In their book Morse index of solutions of nonlinear elliptic equations, Damascelli and Pacella state and prove the following form of Hopf's lemma:
Let $B = B(y, r_1)$ be a ball, $x_0 \in \partial B$ and $v \in H^1(B) \cap C^0(B \cup \{x_0\}$ be a weak solution of $-\Delta v + c(x)v \geq 0$ in $B$, with $c \in L^\infty(B)$. Assume further that $v > 0$ in $B$ and $v(x_0) = 0$. Then $\frac{\partial v}{\partial s}(x_0) > 0$ for every inner direction $s$, in the sense that $$ \liminf_{t \to 0^+} \frac{v(x_0 + ts) - v(x_0)}{t} > 0 $$ whenever $(y - x_0) \cdot s > 0$.

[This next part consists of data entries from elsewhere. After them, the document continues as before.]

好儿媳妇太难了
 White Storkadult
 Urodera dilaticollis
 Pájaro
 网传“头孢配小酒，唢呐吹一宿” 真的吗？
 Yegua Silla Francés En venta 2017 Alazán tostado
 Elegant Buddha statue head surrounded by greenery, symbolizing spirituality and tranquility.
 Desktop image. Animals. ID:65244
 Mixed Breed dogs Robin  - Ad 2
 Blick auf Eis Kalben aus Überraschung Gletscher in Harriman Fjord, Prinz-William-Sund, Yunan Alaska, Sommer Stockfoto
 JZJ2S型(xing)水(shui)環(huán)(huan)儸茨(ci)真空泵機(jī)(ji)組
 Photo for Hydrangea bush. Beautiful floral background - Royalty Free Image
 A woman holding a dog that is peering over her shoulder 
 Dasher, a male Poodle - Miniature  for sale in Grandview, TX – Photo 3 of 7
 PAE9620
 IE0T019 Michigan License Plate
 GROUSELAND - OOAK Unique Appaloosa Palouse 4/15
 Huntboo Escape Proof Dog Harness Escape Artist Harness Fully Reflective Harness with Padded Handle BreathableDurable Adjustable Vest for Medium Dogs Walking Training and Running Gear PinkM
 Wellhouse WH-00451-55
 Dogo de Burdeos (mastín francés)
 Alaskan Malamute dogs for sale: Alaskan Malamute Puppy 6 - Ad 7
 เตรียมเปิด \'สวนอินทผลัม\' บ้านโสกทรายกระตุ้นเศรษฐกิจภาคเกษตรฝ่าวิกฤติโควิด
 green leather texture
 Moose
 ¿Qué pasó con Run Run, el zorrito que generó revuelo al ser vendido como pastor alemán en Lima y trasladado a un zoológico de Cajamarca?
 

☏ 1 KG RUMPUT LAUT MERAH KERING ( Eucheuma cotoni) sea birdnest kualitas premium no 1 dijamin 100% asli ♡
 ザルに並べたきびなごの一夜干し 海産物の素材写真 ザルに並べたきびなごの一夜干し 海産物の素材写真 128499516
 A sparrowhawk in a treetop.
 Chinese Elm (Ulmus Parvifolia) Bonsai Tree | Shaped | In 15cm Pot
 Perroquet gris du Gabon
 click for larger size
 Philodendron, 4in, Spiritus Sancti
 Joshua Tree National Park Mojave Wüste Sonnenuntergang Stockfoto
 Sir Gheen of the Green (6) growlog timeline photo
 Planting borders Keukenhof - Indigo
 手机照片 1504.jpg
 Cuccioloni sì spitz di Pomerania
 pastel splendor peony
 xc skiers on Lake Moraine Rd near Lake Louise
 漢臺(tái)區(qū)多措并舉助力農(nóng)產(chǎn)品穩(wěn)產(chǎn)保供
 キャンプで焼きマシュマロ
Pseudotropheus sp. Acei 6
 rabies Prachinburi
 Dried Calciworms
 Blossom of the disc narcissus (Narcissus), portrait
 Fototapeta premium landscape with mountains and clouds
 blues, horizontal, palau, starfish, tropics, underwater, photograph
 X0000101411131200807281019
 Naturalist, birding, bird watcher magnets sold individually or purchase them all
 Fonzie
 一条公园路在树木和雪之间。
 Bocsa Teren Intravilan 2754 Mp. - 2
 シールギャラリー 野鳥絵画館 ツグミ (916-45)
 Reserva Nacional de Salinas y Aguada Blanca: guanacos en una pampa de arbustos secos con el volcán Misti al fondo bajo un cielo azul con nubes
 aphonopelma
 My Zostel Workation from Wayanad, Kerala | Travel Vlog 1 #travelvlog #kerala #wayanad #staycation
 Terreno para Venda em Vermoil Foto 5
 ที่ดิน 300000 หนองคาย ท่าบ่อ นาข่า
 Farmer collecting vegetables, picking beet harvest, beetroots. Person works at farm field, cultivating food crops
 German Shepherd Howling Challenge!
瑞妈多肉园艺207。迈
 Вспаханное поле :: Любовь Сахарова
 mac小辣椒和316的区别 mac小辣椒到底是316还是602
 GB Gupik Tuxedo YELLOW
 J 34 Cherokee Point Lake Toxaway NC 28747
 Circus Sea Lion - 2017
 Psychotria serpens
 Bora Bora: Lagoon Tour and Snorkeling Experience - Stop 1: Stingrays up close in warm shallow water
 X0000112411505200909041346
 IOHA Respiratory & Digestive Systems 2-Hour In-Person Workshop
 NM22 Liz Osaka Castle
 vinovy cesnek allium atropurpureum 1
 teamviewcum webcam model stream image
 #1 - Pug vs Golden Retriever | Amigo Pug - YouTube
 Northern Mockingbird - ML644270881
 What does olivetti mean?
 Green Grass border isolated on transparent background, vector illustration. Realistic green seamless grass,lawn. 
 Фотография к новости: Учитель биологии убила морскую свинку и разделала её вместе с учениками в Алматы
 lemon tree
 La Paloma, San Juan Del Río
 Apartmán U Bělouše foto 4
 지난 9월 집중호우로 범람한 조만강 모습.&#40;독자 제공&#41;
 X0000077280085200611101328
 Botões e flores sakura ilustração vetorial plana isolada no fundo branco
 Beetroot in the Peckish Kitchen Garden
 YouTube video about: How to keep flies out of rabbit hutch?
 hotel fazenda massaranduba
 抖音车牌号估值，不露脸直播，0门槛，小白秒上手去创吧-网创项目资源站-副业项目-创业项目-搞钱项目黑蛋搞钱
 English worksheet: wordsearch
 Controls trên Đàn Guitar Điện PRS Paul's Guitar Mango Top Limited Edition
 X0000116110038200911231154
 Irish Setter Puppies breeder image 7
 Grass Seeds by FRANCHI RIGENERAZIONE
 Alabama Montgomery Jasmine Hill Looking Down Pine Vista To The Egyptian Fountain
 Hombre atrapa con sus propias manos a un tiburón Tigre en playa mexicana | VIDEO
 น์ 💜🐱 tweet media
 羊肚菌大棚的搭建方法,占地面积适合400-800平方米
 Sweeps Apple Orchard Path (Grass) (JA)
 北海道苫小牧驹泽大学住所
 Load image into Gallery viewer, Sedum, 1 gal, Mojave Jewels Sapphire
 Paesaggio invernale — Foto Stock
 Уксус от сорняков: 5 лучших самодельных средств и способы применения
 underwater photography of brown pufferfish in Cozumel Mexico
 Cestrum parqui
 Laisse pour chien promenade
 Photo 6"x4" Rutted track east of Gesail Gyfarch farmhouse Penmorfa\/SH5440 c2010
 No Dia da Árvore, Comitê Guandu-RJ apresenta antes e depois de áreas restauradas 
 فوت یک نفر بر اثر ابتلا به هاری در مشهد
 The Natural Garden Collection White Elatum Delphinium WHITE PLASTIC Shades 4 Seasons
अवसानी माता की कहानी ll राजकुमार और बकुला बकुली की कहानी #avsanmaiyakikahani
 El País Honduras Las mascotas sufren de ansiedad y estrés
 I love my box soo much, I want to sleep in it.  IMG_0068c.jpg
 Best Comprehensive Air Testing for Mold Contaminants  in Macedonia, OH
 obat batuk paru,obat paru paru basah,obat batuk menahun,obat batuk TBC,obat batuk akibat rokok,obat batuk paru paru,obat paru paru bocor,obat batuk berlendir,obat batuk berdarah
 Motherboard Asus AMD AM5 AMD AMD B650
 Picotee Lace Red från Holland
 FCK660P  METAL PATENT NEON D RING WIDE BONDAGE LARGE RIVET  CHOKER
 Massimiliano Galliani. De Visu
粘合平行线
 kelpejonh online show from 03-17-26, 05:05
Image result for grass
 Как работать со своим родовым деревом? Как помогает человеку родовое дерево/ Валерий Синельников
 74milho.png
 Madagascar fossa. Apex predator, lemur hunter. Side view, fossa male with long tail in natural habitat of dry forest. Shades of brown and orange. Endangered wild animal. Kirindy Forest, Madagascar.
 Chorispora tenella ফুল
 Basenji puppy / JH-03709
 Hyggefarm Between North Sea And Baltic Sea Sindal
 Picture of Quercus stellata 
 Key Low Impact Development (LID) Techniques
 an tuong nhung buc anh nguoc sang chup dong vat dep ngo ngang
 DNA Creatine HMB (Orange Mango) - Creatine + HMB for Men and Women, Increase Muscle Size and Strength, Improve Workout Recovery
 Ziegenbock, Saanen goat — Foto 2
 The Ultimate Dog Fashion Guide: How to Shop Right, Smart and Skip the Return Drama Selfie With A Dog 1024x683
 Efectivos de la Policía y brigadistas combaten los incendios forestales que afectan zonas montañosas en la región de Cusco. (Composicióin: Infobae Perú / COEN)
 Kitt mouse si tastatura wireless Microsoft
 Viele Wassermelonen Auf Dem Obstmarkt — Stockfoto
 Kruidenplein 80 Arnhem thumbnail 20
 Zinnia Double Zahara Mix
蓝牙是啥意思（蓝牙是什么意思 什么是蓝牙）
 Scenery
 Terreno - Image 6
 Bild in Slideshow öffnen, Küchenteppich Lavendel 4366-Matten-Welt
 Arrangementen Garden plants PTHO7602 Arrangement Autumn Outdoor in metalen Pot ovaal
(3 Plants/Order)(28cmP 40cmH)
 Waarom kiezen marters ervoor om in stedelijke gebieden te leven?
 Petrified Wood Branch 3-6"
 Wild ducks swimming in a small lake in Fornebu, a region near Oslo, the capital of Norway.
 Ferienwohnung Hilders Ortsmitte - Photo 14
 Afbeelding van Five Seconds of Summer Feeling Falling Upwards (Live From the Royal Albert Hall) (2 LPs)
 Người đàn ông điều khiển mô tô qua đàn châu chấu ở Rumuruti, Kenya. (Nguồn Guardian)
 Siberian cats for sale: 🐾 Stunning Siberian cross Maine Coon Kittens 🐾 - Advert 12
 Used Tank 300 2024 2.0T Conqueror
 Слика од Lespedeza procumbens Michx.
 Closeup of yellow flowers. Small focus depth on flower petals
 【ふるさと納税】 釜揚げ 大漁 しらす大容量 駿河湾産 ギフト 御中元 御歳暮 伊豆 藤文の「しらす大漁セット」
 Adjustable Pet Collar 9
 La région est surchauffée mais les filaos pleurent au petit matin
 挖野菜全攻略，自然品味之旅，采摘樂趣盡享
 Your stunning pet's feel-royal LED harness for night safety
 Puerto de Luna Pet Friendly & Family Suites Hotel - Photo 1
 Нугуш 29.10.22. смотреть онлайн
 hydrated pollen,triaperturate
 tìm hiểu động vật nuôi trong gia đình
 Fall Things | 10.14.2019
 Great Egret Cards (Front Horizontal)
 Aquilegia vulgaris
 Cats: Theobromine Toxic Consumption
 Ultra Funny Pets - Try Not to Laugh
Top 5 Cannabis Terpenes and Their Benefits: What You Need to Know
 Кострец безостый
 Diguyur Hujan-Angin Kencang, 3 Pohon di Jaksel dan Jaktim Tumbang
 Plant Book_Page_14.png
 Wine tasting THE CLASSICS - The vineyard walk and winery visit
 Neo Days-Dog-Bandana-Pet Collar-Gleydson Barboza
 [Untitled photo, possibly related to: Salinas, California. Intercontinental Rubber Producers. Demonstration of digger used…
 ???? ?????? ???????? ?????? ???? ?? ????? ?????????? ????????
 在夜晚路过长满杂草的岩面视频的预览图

The idea of the proof is to define $z(x) =e^{-\alpha r_1^2} - e^{-\alpha |x-y|^2}$ in $A = B(y, r_1) \setminus B(y, r_1/2)$, where $\alpha$ is a parameter that will later be picked big enough, and, using the continuity of the trace, apply the weak maximum principle for $w = v + \varepsilon z$ in $A$. Note that $$ \Delta z = - e^{-\alpha|x - y|^2}(4\alpha^2|x - y|^2 - 2 \alpha N) $$ Now, in a part of the proof the following chain of inequalities is presented: $$ - \Delta z + c(x) z = e^{- \alpha |x - y|^2} \left(4 \alpha^2 |x - y|^2 - 2 \alpha N + c(x) \frac{e^{-\alpha r_1^2}}{e^{- \alpha|x - y|^2}} - c(x) \right)\\ \geq e^{- \alpha |x - y|^2} \left(4 \alpha^2 \frac{r_1^2}{4} - 2 \alpha N - \|c\|_\infty \right) \\ (*) \quad \geq e^{r_1^2/4}\left(4 \alpha^2 \left(\frac{r_1^2}{4} \right)^2 - 2 \alpha N - \|c\|_\infty \right) \\ > 0 $$
I will be the most grateful for an explanation of the inequality marked with an $(*)$, namely from the second to the third line.
Thanks in advance.